Kelly Fyffe-Marshall, winner of TIFF’s inaugural Shawn Mendes Changemaker Award in 2020 for her short “Black Bodies” — which was inspired by her experience of racism during a visit to California — emphasizes that entrepreneurship is key to building the industry in Canada.
“If we keep leaving for the U.S. we will lose the industry here,” she says. Her Sunflower Studios, which is devoted to sustainability and inclusive projects, is developing a series around Filipino comedy group Tita Collective, and another around a Jamaican comedian.
“When Morning Comes,” her debut feature that bows Sept. 12, follows a rambunctious Jamaican boy who runs away from home for a few days after his mother decides to relocate to Canada. Written in a two-week burst and shot mostly in Jamaica in March with Canadian and Jamaican crews, the film depicts “the real Jamaica, outside of the stereotypes,’ said Fyffe-Marshall. “But it’s also a romanticized child’s journey, because it draws from my childhood memories.”
Her next feature, “Summer of the Gun,” is something of a sequel and takes place in 2005 when gun violence was high in Toronto. “I use films as my activism,” the filmmaker said. “How do we speak to gun violence? The news doesn’t tell us what’s really happening. We don’t know what happened before and after an incident, we don’t know what the ricochet of that bullet really is.”
The responsibility of telling the story right initially weighed heavily on noted documentarian Hubert Davis (2005 Oscar nominated short doc “Hardwood”) when he was approached about taking on the hockey-themed feature documentary “Black Ice.”
With Uninterrupted Canada’s chief content officer Vinay Virmani attached as producer, Uninterrupted founders LeBron James and Maverick Carter on board and Drake’s DreamCrew Entertainment in the mix as exec producers, the question was not whether the film would get made but what it would really be about. (The film, which screened Sept. 10, has Canadian theatrical and TV distribution.)
The project’s jumping-off point was the 2005 book “Black Ice: The Lost History of the Colored Hockey League of the Maritimes, 1895-1925,” written by two Canadian hockey historians, who made a short doc over a decade ago that contained the framework of the story.
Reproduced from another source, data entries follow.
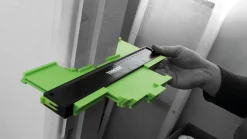 TRACER Konturenlehre 250 mm mit Tiefloch-Bleistift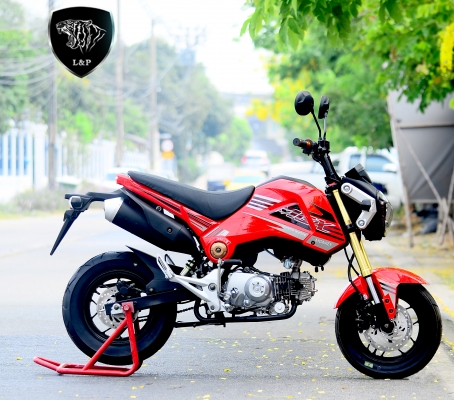 #จัดโปโมชั่นใหม่ลดราคาสุดๆ.รถต้นแบบ MGX มังกี้ กอลิล่า แต่ง มี100 แบบให้เลือก ราคาเริ่มต้น.......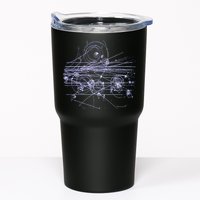 Quantum Mechanics Higgs Boson LHC Particle Physics Scientist Tumbler
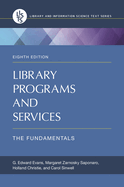 Library Programs and Services: The Fundamentals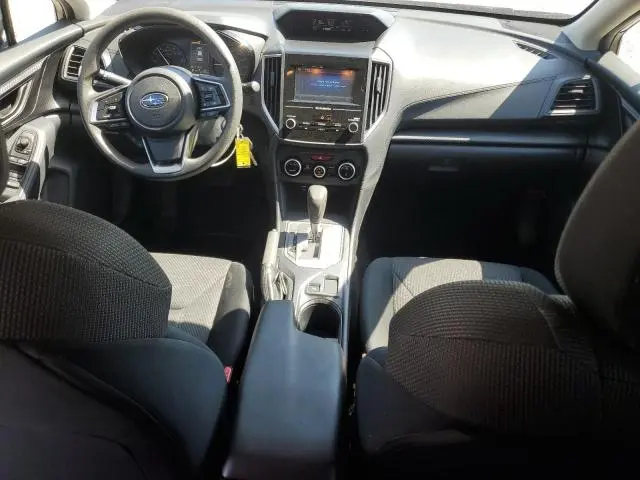 2022 SUBARU CROSSTREK   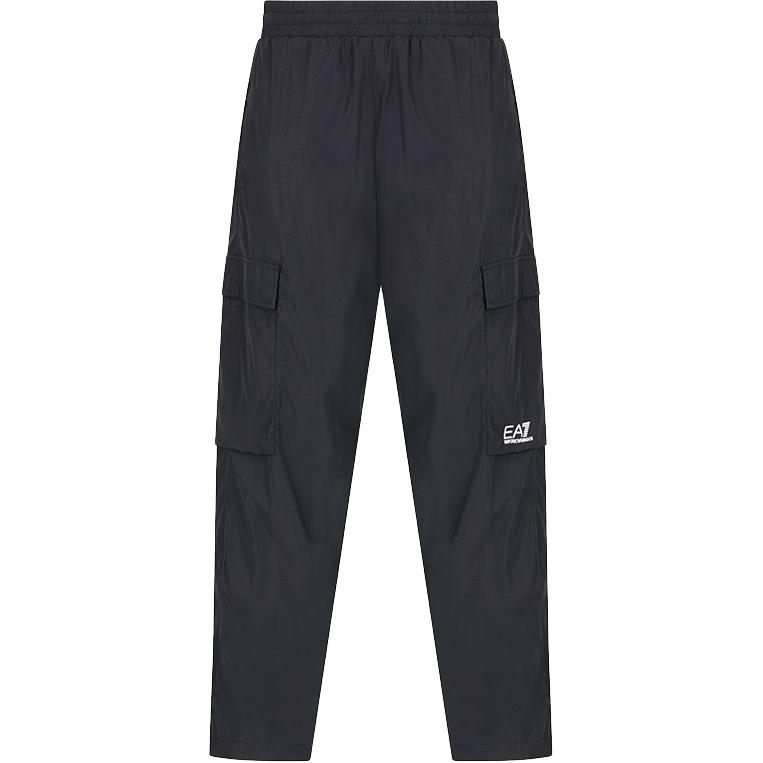 

EMPORIO ARMANI Штаны Casual EA7 SS25 мужские Black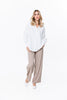 Elena Long Sleeve Cut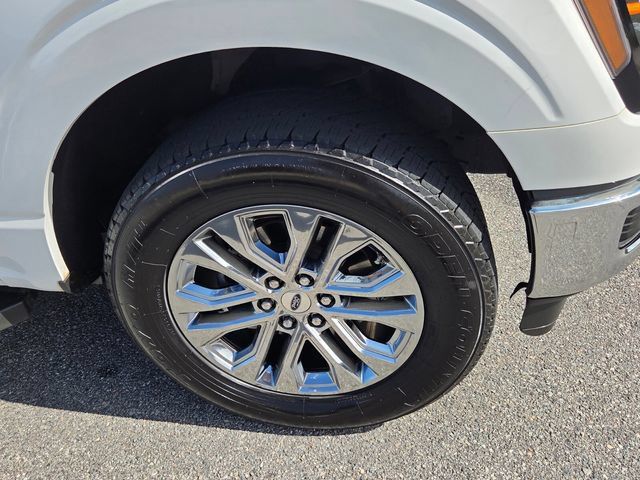 Used 2024 Ford F150 XLT w/ Equipment Group 302A MID AWD/4WD image 16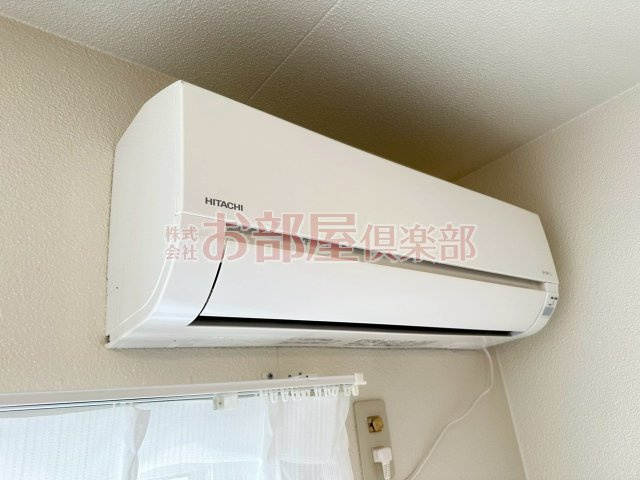 グレースコーポ合川 A棟の設備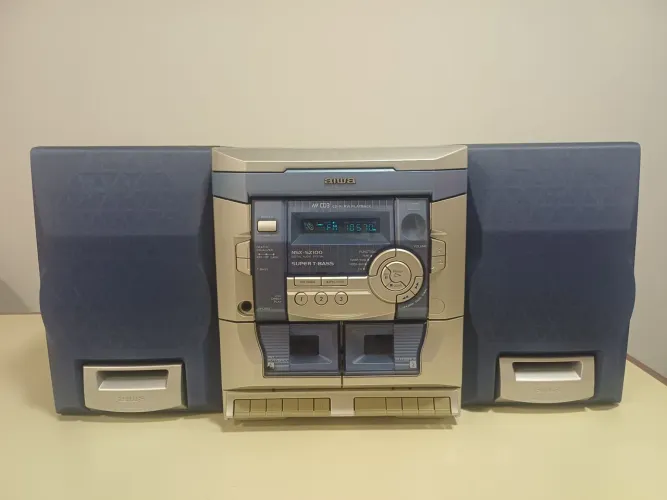 Minisistem Aiwa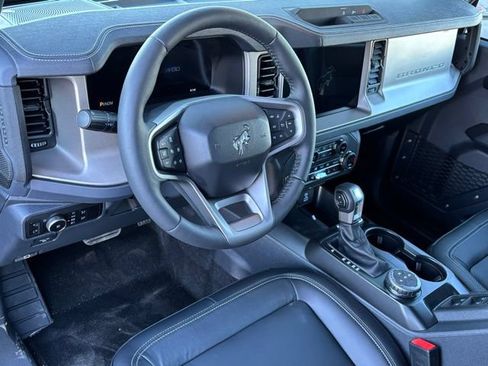 New 2025 Ford Bronco Outer Banks AWD/4WD image 9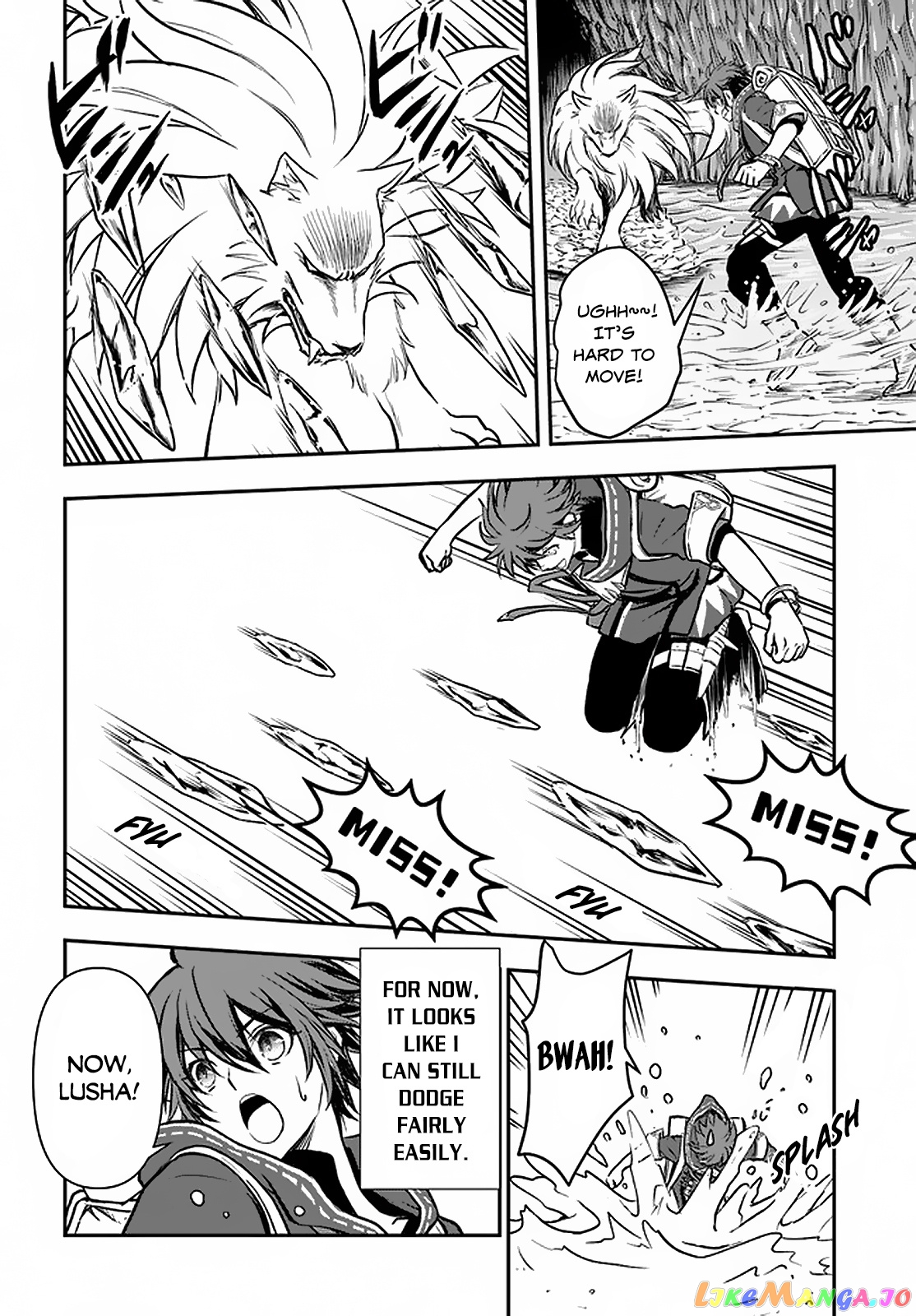 The Path Of The Perfect Evasion Healer chapter 17 - page 13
“The league existed at the turn of this century and there were all these innovations that came into the sport through the league, which are all really well documented,” Davis says. “They found descendants of people who were in the league, and there was this idea of the Black community existing and then these stories fading away.” There was also the throughline of contemporary players who have lineage to the CHL, including Wayne Simmonds of the Toronto Maple Leafs.
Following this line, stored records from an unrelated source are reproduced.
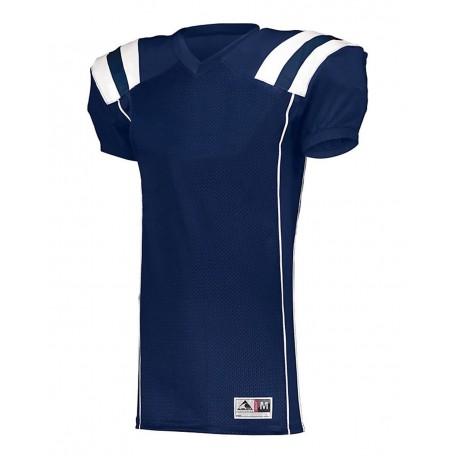 9580 Augusta Sportswear 9580 T-Form Football Jersey NAVY/ WHITE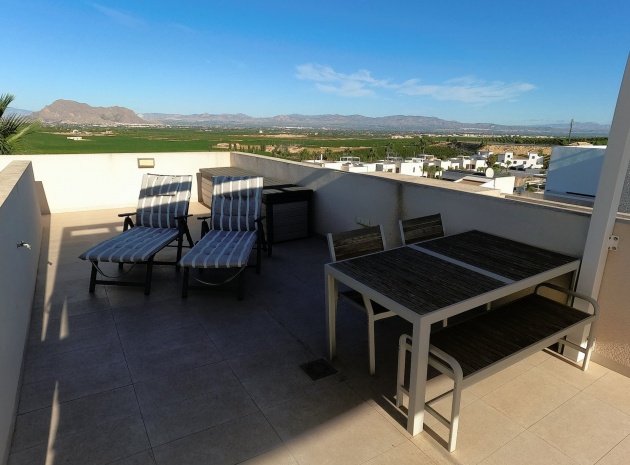 Wederverkoop - Appartement - Algorfa - La Finca Golf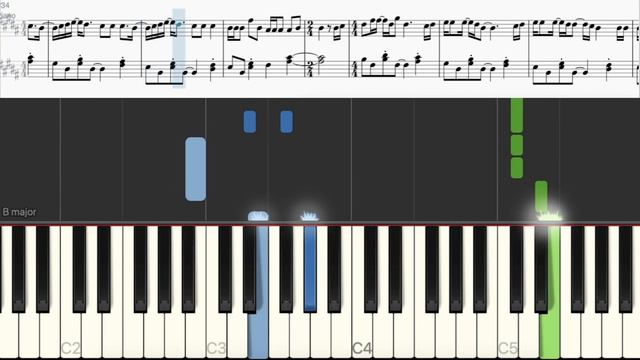 Maroon 5 - Memories на пианино | НОТЫ #PIANOSHEETS #Maroon5 #Memories #НОТЫ #PianoTutorial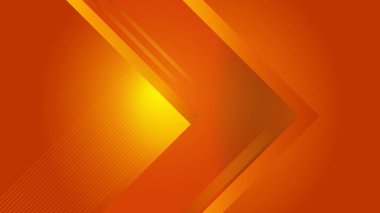 Soyut turuncu ve sarı arkaplan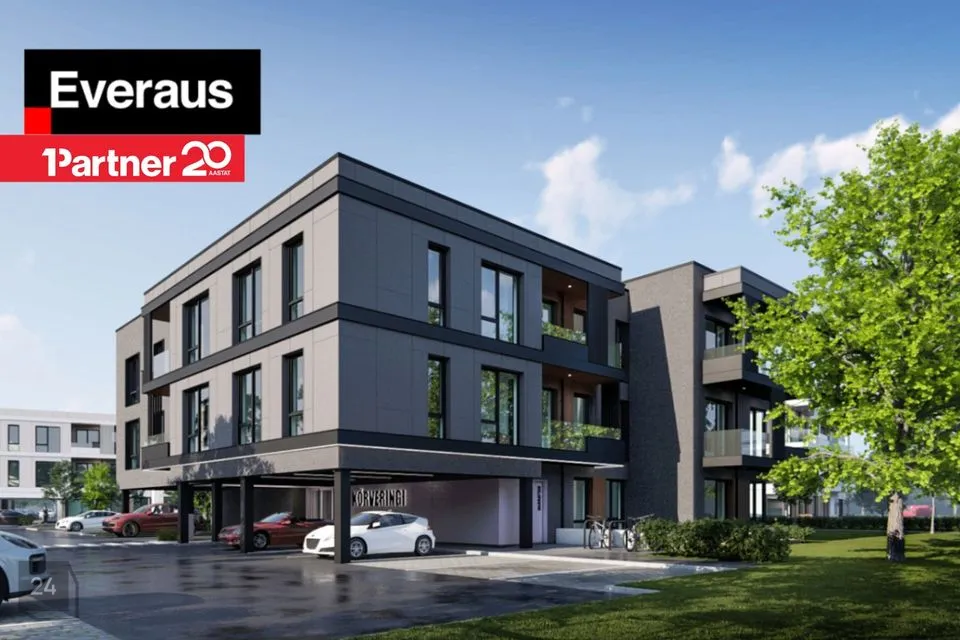 2-toaline Korter - foto 5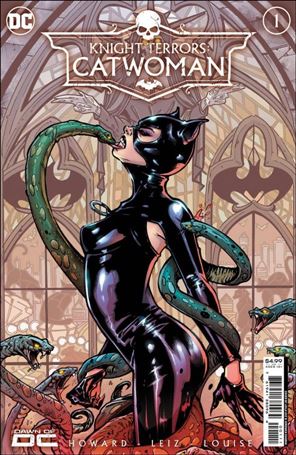 Knight Terrors: Catwoman Cover Image 1
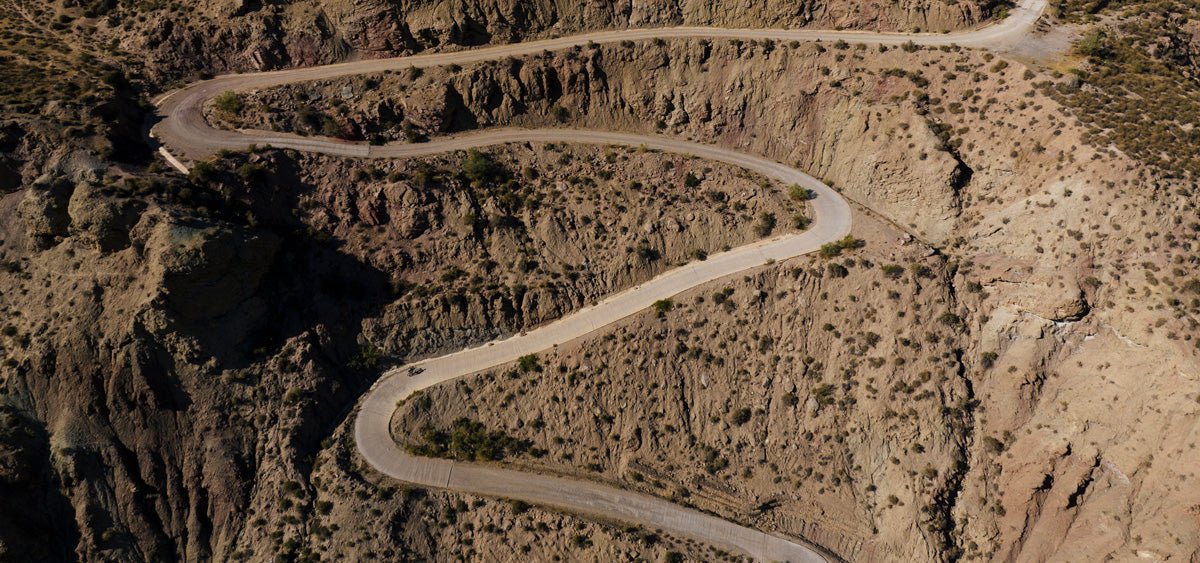 Badlands con Taylor Phinney
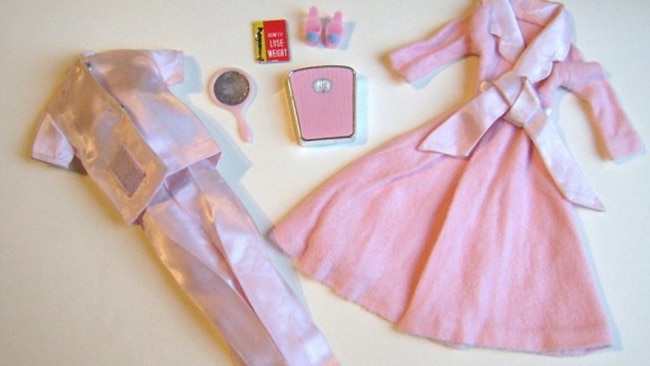 Slumber party barbie store 1965 ebay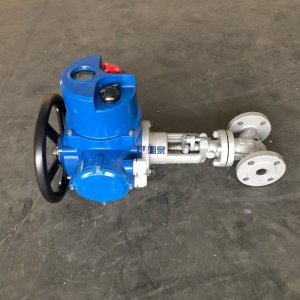 電動(dòng)截止閥J941H-100C DN100（生產(chǎn)商、國產(chǎn)品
“If we’re talking about the Black experience in hockey, we’re really talking about the Black experience in Canada, because hockey and Canada are intertwined,” Davis said, “So are we really going to do it justice or scratch this surface?
“For some reason, Canadians don’t want to talk about how racism works specifically in Canada, it was always deferred,” he continued. “I didn’t know about the Black communities in Nova Scotia, and I grew up in Canada! So we decided to bounce between different timelines and stories to reveal the whole picture, which is really the message of the film.
“When you’re dealing with a problem like systemic racism, you can’t look at the individual story: you can only see it in the bigger picture.”